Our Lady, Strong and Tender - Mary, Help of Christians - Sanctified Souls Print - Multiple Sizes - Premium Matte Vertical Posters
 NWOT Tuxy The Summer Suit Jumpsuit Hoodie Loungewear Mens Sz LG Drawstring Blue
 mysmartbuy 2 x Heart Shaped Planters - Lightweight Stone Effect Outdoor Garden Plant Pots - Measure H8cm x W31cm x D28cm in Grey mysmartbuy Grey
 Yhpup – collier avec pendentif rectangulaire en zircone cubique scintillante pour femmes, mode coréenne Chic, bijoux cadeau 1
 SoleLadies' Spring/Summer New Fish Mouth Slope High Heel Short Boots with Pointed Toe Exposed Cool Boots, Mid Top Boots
+ + + + + + +
What the task asks: From the data above, gather every line that includes the word "Summer".

Answer for the task:
 NWOT Tuxy The Summer Suit Jumpsuit Hoodie Loungewear Mens Sz LG Drawstring Blue
 SoleLadies' Spring/Summer New Fish Mouth Slope High Heel Short Boots with Pointed Toe Exposed Cool Boots, Mid Top Boots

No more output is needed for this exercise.